THE TASK: When you copy the data that follows, reproduce every word exactly and leave out the images.

DATASET EXCERPT:
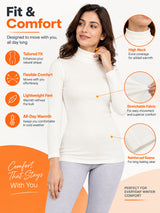 Women Full Sleeve Thermal Top with High Neck Design for Winter Wear, Warm Base Layer Comfort and Regular Use - Pack of 1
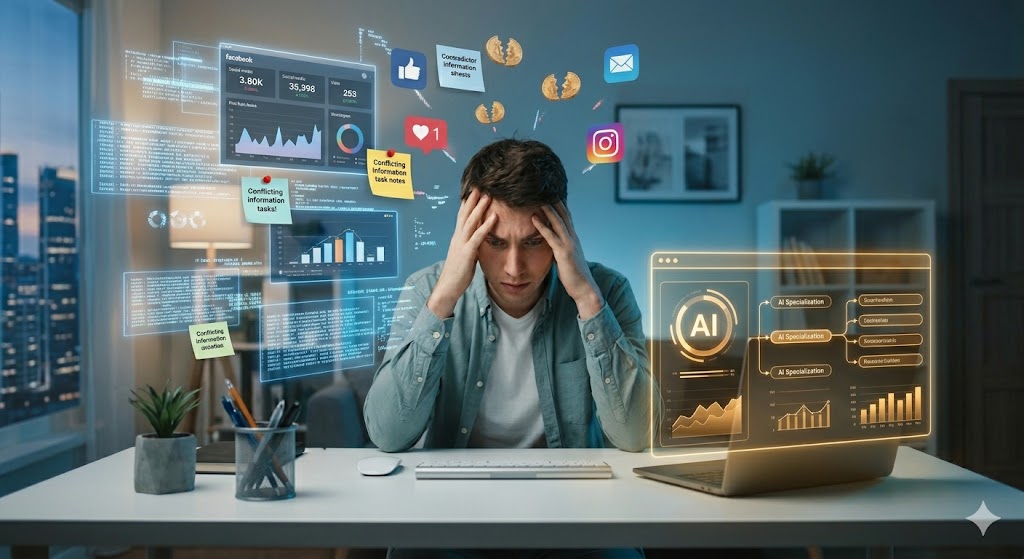 Überforderter Freelancer im Chaos aus Aufgaben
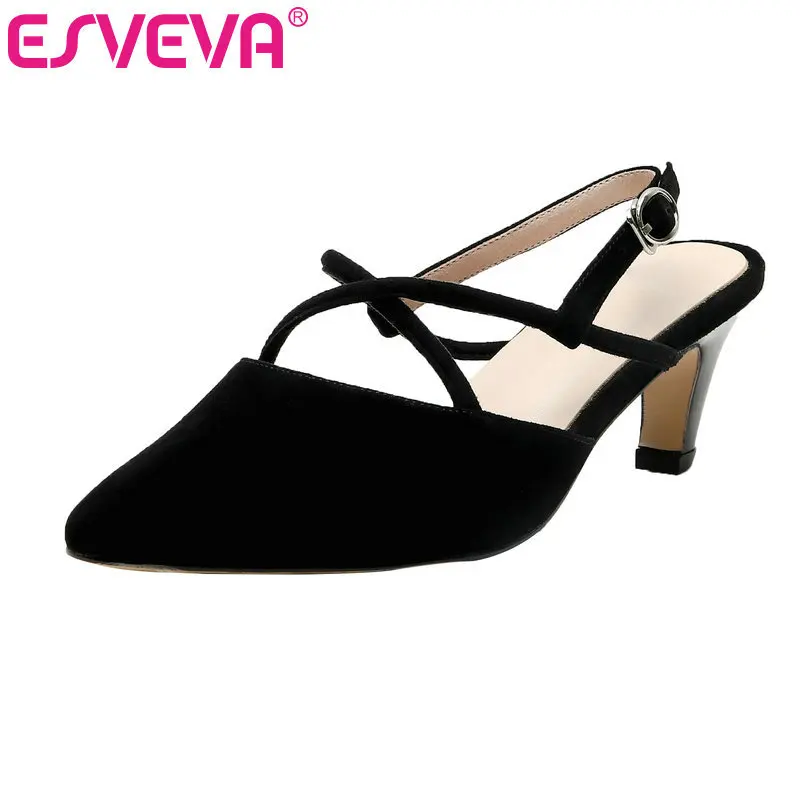 Женские сандалии ESVEVA из коровьей кожи и искусственной на тонком высоком каблуке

SOLUTION:
 Women Full Sleeve Thermal Top with High Neck Design for Winter Wear, Warm Base Layer Comfort and Regular Use - Pack of 1
 Überforderter Freelancer im Chaos aus Aufgaben
 Женские сандалии ESVEVA из коровьей кожи и искусственной на тонком высоком каблуке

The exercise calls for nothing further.